A Milli Takım’ın Avusturya zaferi sonrası övgü üstüne övgü: Artık biz gizli favoriyiz | Şimdi ‘Portakal’ı soyma vakti | Yazılacak yazımız gidecek yolumuz var

EURO 2024’te heyecan fırtınası devam ediyor. Son 16 turu maçları dün gece oynanan Türkiye – Avusturya karşılaşmasıyla birlikte son buldu ve çeyrek finalistler belli oldu. A Milli Takımımız da Avusturya’yı 2-1 mağlup ederek bir üst tura yükselen taraf oldu.

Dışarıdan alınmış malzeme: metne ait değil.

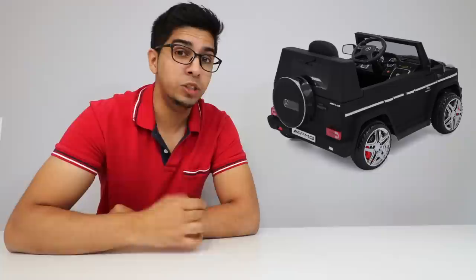Hey guys, welcome to an all-new episode of Conflicts. Today I'm excited to show you the all-new Mercedes G65 Wagon Ride-On. Now this was sent over by Best Choice Products — for your very own, check out their link down below in the description. This particular car is really cool because it's an AMG version, it's matte black, and it has a lot of different fancy gadgets and gizmos. So I'm really excited to try it out, but before we do, let's go ahead and unbox it and build it.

Çeyrek finalde Hollanda ile kozlarını paylaşacak olan Ay-Yıldızlılar’ın Avusturya karşısındaki galibiyetini yazarlarımız Uğur Meleke, Mustafa Denizli ve Murat Fevzi Tanırlı kaleme aldı.

İşte değerlendirmeler:

Uğur Meleke: Süper Lig’in Bundesliga’ya karşı zaferi

Avusturya’ya liglerinin isminden dolayı ‘Diğer Bundesliga’ diyorlar ama dün ilk 11’lerinde 7 tane Almanya Bundesliga oyuncusu vardı zaten. Yani ilk 11’inde 7 Süper Lig oyuncusu bulunan Türkiye, 7 Almanya Bundesliga’lısı olan Avusturya’yı eledi bir bakıma. Sadece milli takımımızın değil, ligimizin de bir zaferi bu.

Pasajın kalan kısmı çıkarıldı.